Bir yanda taze taze kızarmış fıstıklar, diğer yanda rengarenk kuru meyveler, ortada ise türlü türlü lezzetli kuruyemişler… Birinin biraz tuzlu, diğerinin biraz tatlı, hepsi de gönlümüzü okşayan atıştırmalıklar. Peki, bu lezzetli ürünleri satanlara ne denir? Birçoğumuz, kuruyemiş satan dükkanlardan alışveriş yaparken aslında bu kişilere ne ad verildiğini pek de düşünmüyoruz. Ama her şeyin bir adı vardır, değil mi?
Kuruyemiş satan dükkanlar, çoğunlukla “kuruyemişçi” olarak bilinse de, bazen o kadar sıcak ve samimi bir atmosfere dönüşür ki, buradaki çalışanlar neredeyse ailemizden biri gibi olur. Ankara’nın sıcak yaz akşamlarında, mahalledeki o küçük kuruyemişçiye uğramadan geçmezdim. Hem ekonomik hem de kültürel bir anlam taşıyan bu mekanların adı da aslında biraz değişken.

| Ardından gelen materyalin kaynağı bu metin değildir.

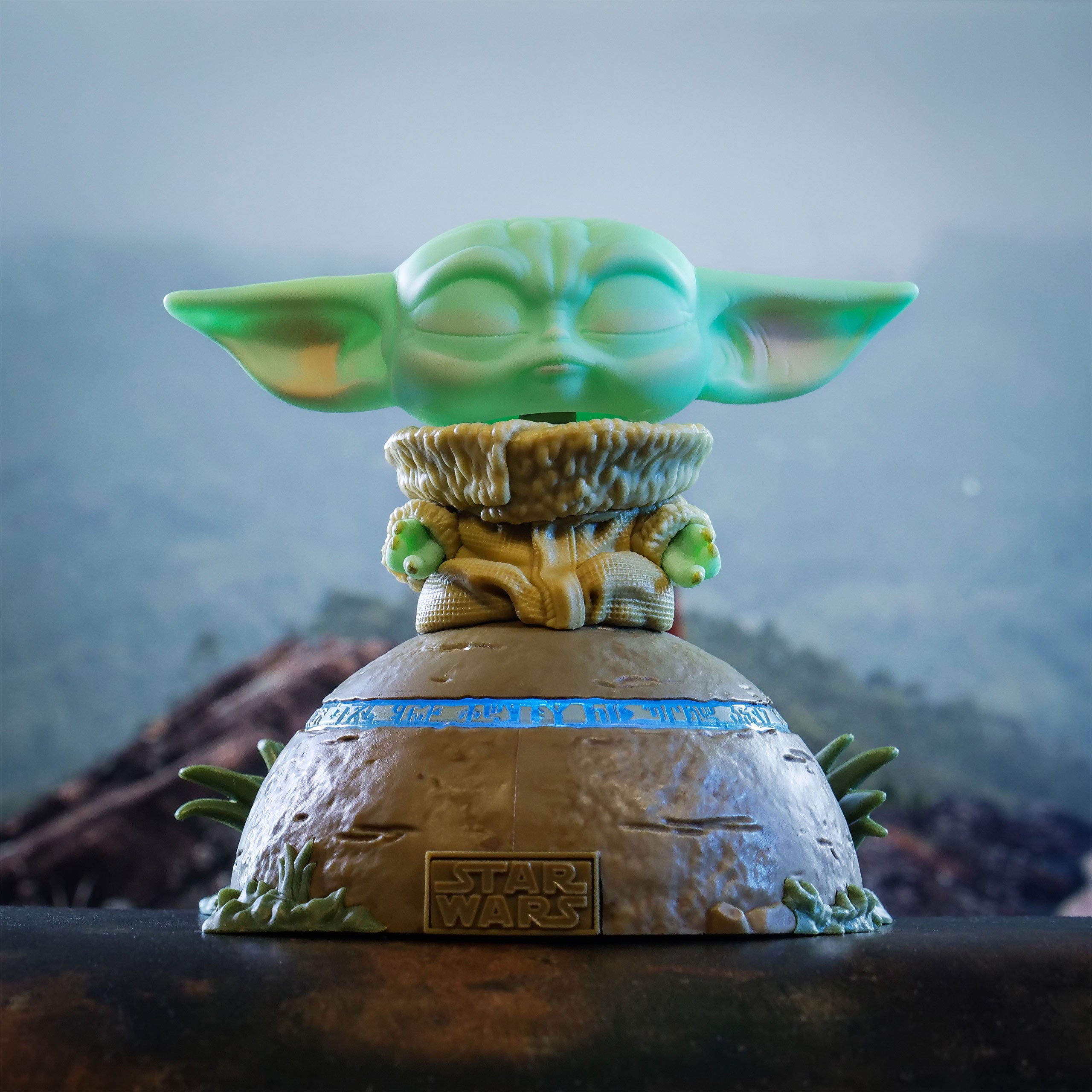 Productafbeelding Grogu Gebruikt de Force Funko Pop Figuur met Licht- en Geluidseffecten - Star Wars The Mandalorian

Mahalle Kuruyemişçileri: Çocukluğumun Renkli Dükkanları
Çocukken, mahalledeki kuruyemişçiye gitmek bir ritüeldi. Gerçekten o dükkanda geçirdiğimiz zamanlar, hayatın ne kadar basit ama eğlenceli olabileceğini gösterirdi. O zamanlar, kuruyemiş satan kişilere “kuruyemişçi” demek oldukça yaygındı. Hatta çocukken, oraya gittiğimizde bazen tatlı tatlı “Fıstıkçı” diye hitap ettiğimiz olurdu. O zamanlar kuruyemişçi deyince aklımıza gelen, sadece dükkandaki o sakızlı çerezler, simitler ve taze fıstıklardı. O küçük dükkan, sadece kuruyemiş almak için gittiğimiz bir yer değil, aynı zamanda mahallelinin birbirini tanıdığı, sohbet ettiği bir sosyal alan da olmuştu.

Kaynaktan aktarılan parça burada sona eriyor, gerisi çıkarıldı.